Review

Brannten Schnüre

Muschelsammlung

Milder Wahn • 2021

Als träumerisches Konzeptalbum ist die »Muschelsammlung« dahergekommen, als vielgesuchter und ziemlich frecher Untergrund-Rebell hat sie sich nach ihrer Erstveröffentlichung 2017 auf Vrystaete entpuppt. Das unterfränkische Duo Brannten Schnüre führt hier den Hang des Hipsters zum Okkultismus zurück zu dessen Grundmotiven im christlichen Reliquienkult, in der nordischen Märchengeschichte und nun gut, auch zu Nietzsche. Zwischen zitternder Akustikgitarre und zeitlupehopsender Blockflöte dampft, wedelt, tutet, zwitschert und kehrt es aus Christian Schoppiks Instrumentenarsenal. Dazu tapert Katie Richs Sprechgesang mit einer Kindlichkeit, die überlegener klingt als alles Autoritäre, was ihm denkbar entgegentreten könnte.

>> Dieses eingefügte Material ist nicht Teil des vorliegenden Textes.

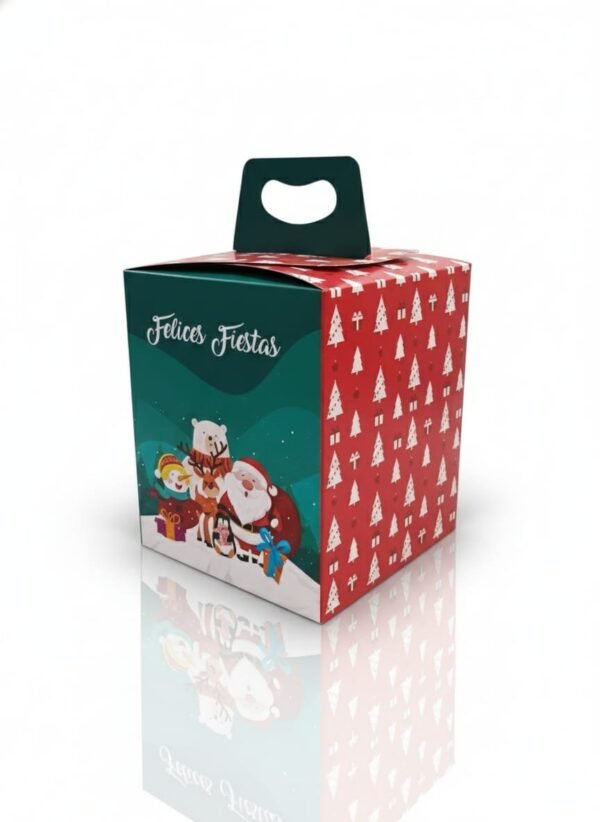 CAJA CE NAVIDAD PAN DULCE DE 1/2KG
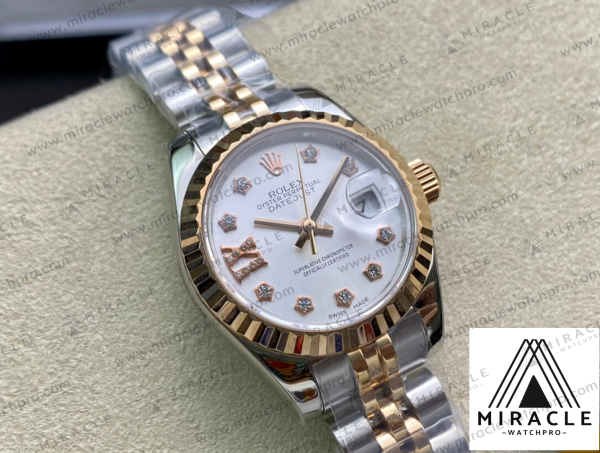 ROLEX-Lady Datejust-REF.M279173-0003 -ELITE CLONE-28MM-Replica Watch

Tief im nostalgischen Bilderstrom scheinen an den seltsamsten Stellen niedlich verpackte Gegenwärtigkeiten auf. Vielleicht hilft ein Textbeispiel weiter: »Drei Seeigel / auf dem Stein / Schwarze Stacheln / in dem Bein«. Alles klingt bereit, ineinander über- und wieder zurückzugehen und die organische Fäulnis der Dinge erscheint als schöne Ambient-Utopie. Kurzum: Die Musik auf der »Muschelsammlung« kennt keine Angst, sich zu verlieren, und verliert sich allein deshalb in keinem einzigen Moment.